Sono solo due donne gravide: una giovane all’inizio della gravidanza e un’anziana ormai al sesto mese. In loro c’è una presenza che è il farsi carne di una promessa che si realizza attraverso di loro, ma che le trascende, che va ben oltre lor, si dilata e si espande perché è una promessa per tutta l’umanità. È la storia della salvezza che incontra il suo compimento, sono l’antica e la nuova alleanza che si incontrano, si riconoscono e si abbracciano.
Queste due donne rappresentano quel che umanamente non è visibile e non appare, non si impone, non è grande, anzi è così piccolo che si può non vedere (una vergine di Nazaret, un piccolo e sconosciuto villaggio di Galilea), è così insignificante che non gli si dà nessun valore (una sterile ormai avanti negli anni). Eppure proprio su di loro, il Signore posa il suo sguardo e nella loro povertà riversa nei loro grembi la sua ricchezza, nella loro piccolezza ripone la sua grandezza.
C’è in queste due donne una presenza, una promessa di vita che ancora non è pienamente manifestata ma è talmente carica di speranza, di amore e di tenerezza da suscitare la loro esultanza.
L’evangelo della Visitazione è fatto di parole e gesti semplici, piccoli, umanissimi, ma sovente così lontani ed estranei al nostro modo di vivere. Quando ci affanniamo per rimuovere la nostra debolezza, per nascondere la nostra piccolezza, per mascherarla e mostrarci grandi, capaci, forti agli occhi degli altri.

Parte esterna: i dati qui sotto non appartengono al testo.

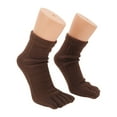 thumbnail image 5 of Unique Bargains 1 Pair Five Toe Socks Soft Thickening Socks for Women Coffee, 5 of 6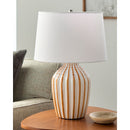 Contract furniture - Lined Ceramic Accent Table Lamp - www.oroatrade.com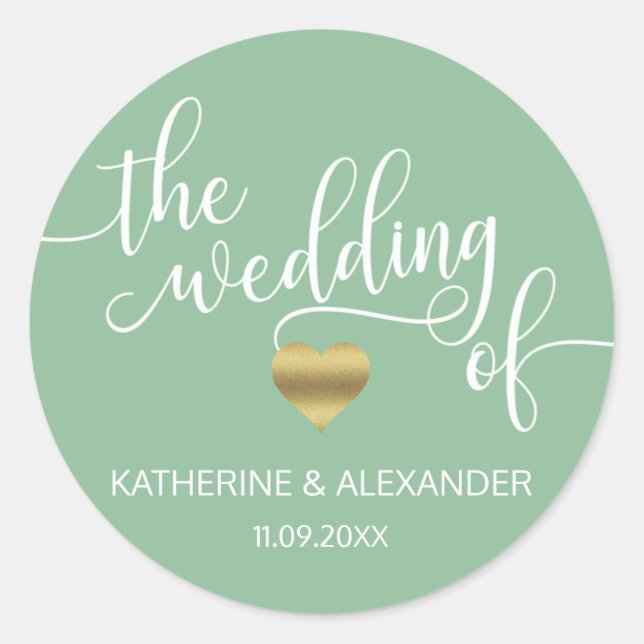 Sticker Rond Sage d'or moderne vert LE MARIAGE des phoques (Devant)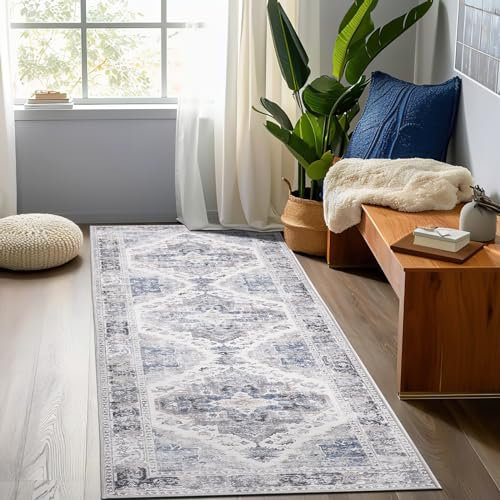 TOPICK Läufer Flur Waschbar Grau Küche Läufer Vintage Blume Orientalischer Dünner Faltbar Teppich für Brücken Schlafzimmer Wohnzimmer Tisch rutschfest Teppichläufer Flurteppich 60x300cm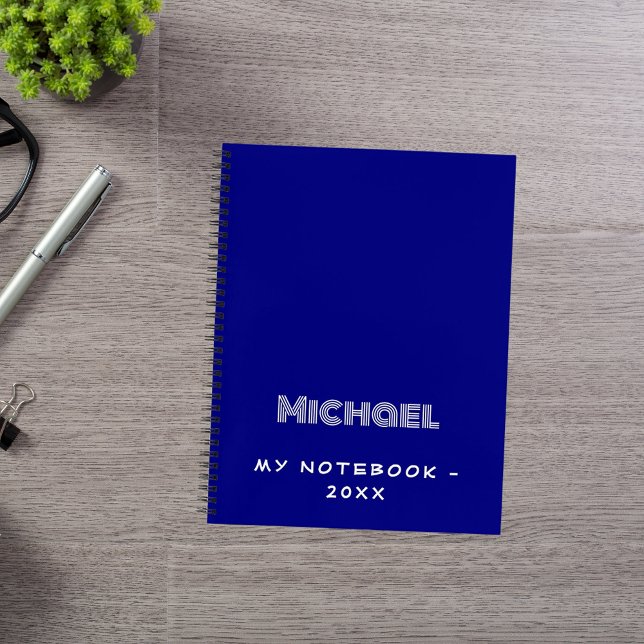 Cuaderno Blanco azul marino moderno (Subido por el creador)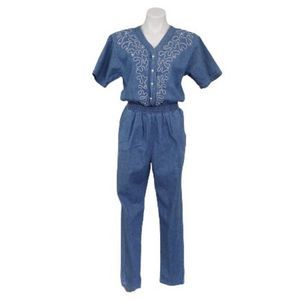 Vintage 1980s Bridge Sports Wear Co embroidered Denim Jumpsuit, M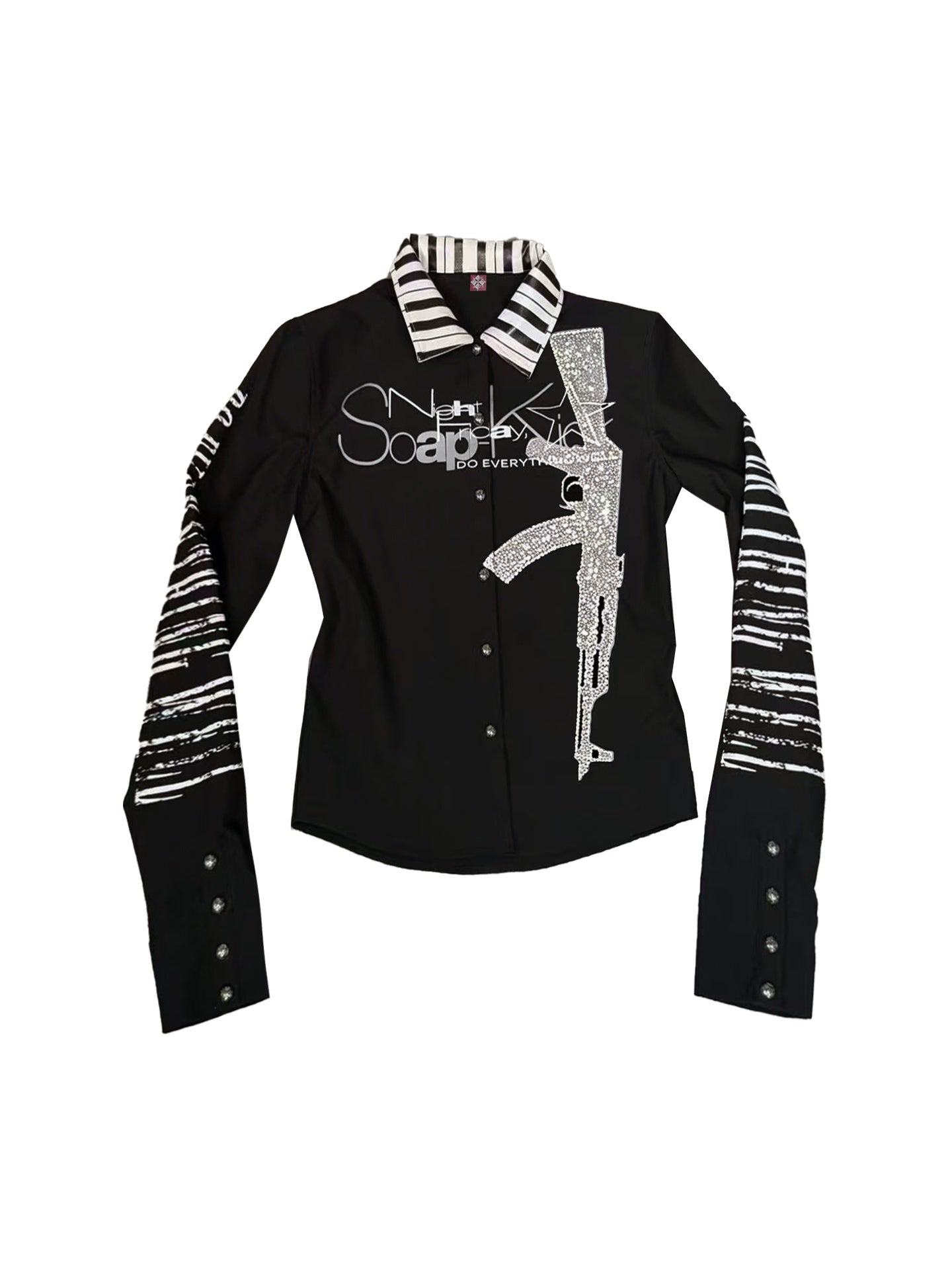 DETW_onLine_Black_Rhinestone_Slogan_Heat_Transfer_Twill_Collar_Women&
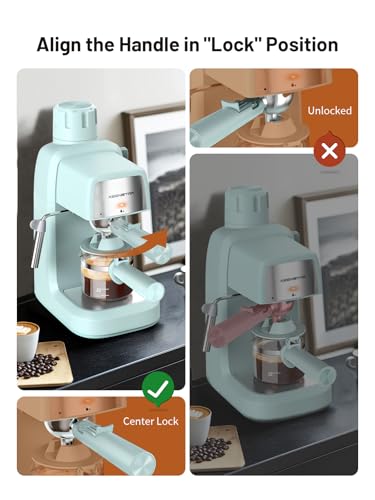 Compact 4 Cup Espresso Machine with Milk Frother D353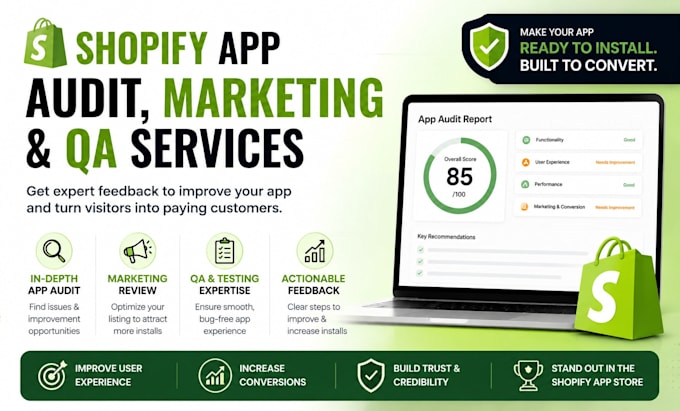 do shopify app audit, shopify app marketing and shopify app qa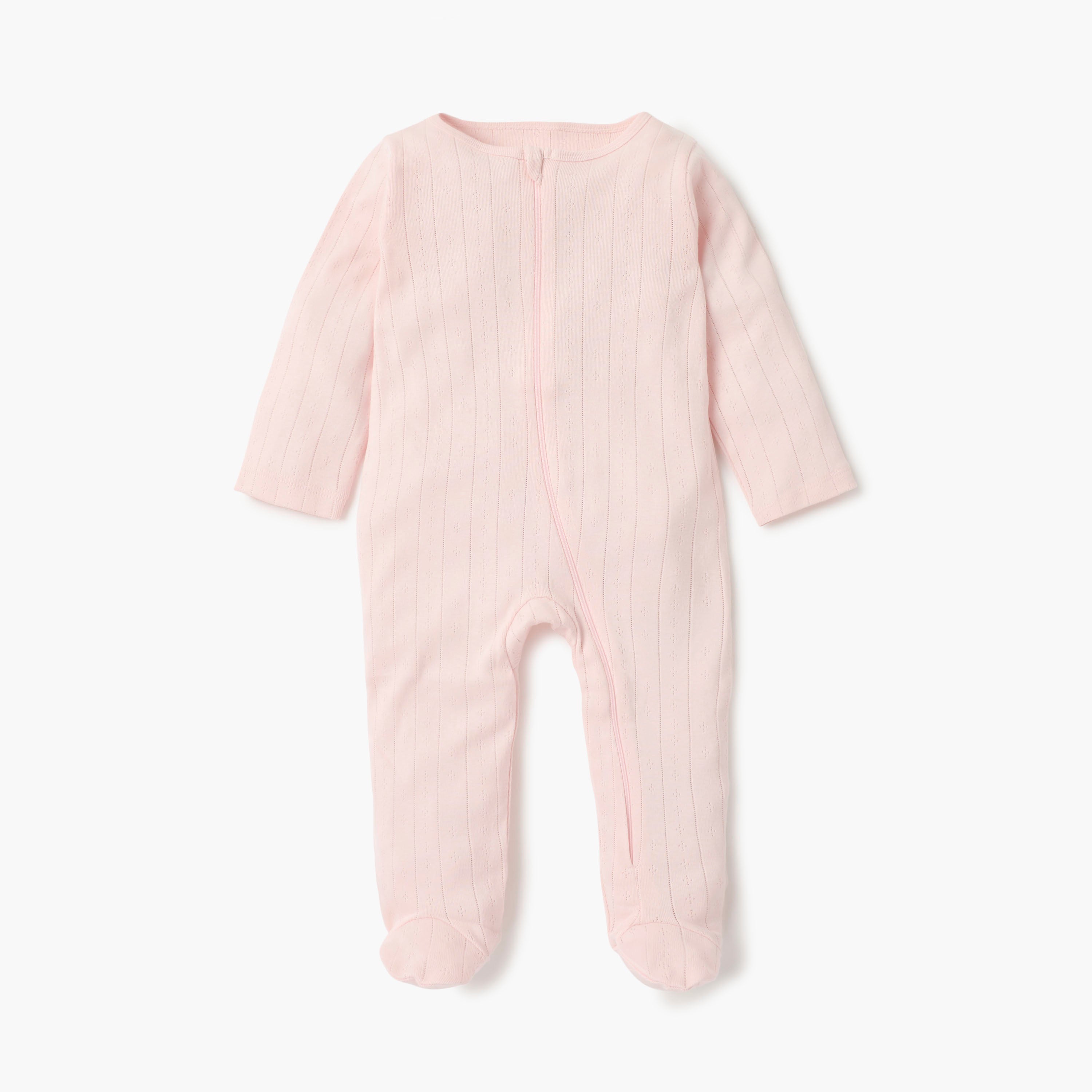 Juniors Striped Closed Feet Sleepsuit with Long Sleeves - Set of 7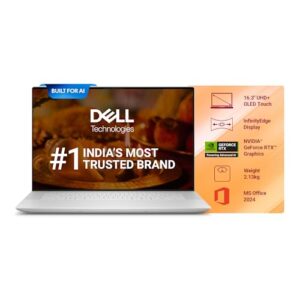 Dell XPS 9640 Thin & Light Laptop, AI Enabled Intel Core Ultra 7 155H Proc, 32GB+1TB SSD, 16.3″ (41.40cm) UHD+OLED Display, Backlit KB+FPR, NVIDIA RTX 4060 GPU 8GB GDDR6, Win 11 + MSO’24, 2.13kg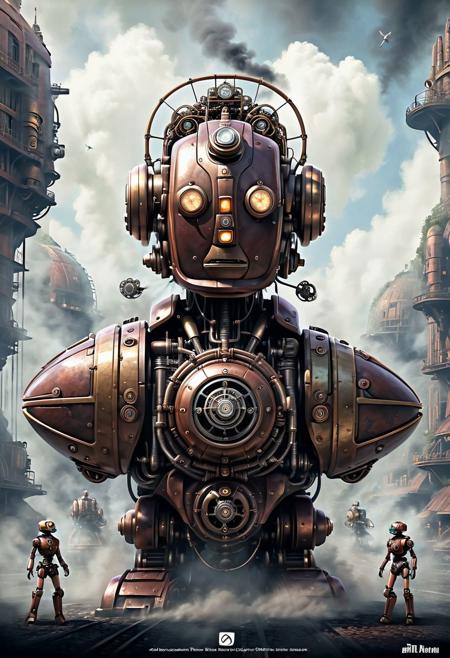 Imagine a world where technology has advanced to the point where it is fused with steam-powered machinery. The people of this world have become known as "steampunks," and they live in a world where the boundaries between the natural and the artificial are blurred. In this world, there are airships that soar through the skies, clockwork automatons that perform tasks with incredible precision, and even robots that can think and feel like humans. But despite their advanced technology, these steampunks still face challenges such as pollution, inequality, and corruption. They must navigate a world where progress often comes at a cost to humanity's natural heritage. Cinematic scene, hero view, action pose, detailed background, masterpiece, best quality, high quality, highres, absurdres, steampunk <lora:steampunk_xl_v1:1>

La gioia di Maria ed Elisabetta deve invaderci per riconoscere che in noi non c’è nessun merito ma tutto è grazia, dono gratuito, amore. E l’amore, se è autentico, non vuole e non può imporsi ma solo donarsi. Acconsentire, come hanno fatto queste due donne, è accettare di essere strumenti di una salvezza per tutti, ed è nel nostro quotidiano e faticoso ma libero acconsentimento che avviene l’incontro, qui e ora, tra l’umanità e la salvezza: allora la nostra gioia incontra la gioia di Dio, incontra Gesù stesso, lui che è origine e fine di ogni gioia.